Whimsical work a little gemJILLIAN ALLISON-AITKEN
Edwin's Egg and Other Poetic Novellas
By Cilla McQueen (Otago University Press, RRP $40)
Former New Zealand Poet Laureate Cilla McQueen has produced a cute little collection of poetic novellas that will appeal to her existing fans and also provide a great introduction to her work for new fans.
Originally one of the works McQueen undertook during her time as Poet Laureate, the project titled Serial was published on the official Poet Laureate website.
Now retitled Edwin's Egg, this eight-chapter series is repackaged as eight individual chapters in separate pocket-sized books, all bundled together in a slipcover.
McQueen describes this work as "exploring a space between prose and poetry" and the end result is accessible and enlightening.
Edwin's Egg is actually the final chapter in the series and McQueen's text sits beautifully alongside images from the Alexander Turnbull Library collection.
To be honest, it is hard to fully describe just what this is: a mini novel, a touch of poetry, visual fun and a whole lot of whimsy.
At $40 for a little collection of little books, the price may seem a little steep. However, it's also a little gem.
The White Clock
By Owen Marshall (Otago University Press, RRP $25)
Award-winning novelist, short story-writer, poet and editor Owen Marshall has also published his third collection of poems, which is perhaps not quite as biographical as Cooke's offering but every bit as interesting.

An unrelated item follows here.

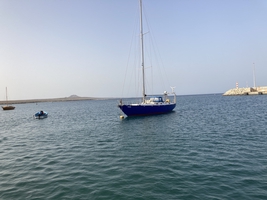 Sailing around Cape Verde and to the Canaries — sailing photo 133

From Nelson to St Bathans to Turkey with a touch of Richard III, schoolboy memories, endearment and disillusionment, the full range of human emotion is explored in this collection.
Marshall manages to inject a good dose of humour into the mix, which highlights the significance of everyday experiences.
Born to a Red-headed Woman
By Kay McKenzie Cooke (Otago University Press, RRP $25)
Music can evoke memories and emotions and using that ability, Kay McKenzie Cooke has created a collection of poetry that highlights people and places from her past.
Cooke grew up in the rural Southland of the 1950s and 60s and the song tracks, titles and lines she has used for inspiration in this collection take the reader through her life, as a young girl growing up, as a teen pressured into adopting out her baby in the 1970s, as a wife and mother, author and grandmother.
Now living in Dunedin, Cooke has published two earlier collections of poetry. Her first effort - Feeding the Dogs - won the Montana Book Awards best first book of poetry award in 2003.
This collection is autobiographical and raw, taking the reader on a journey through the poet's life, from carefree child to angry teen to balanced grandmother and more.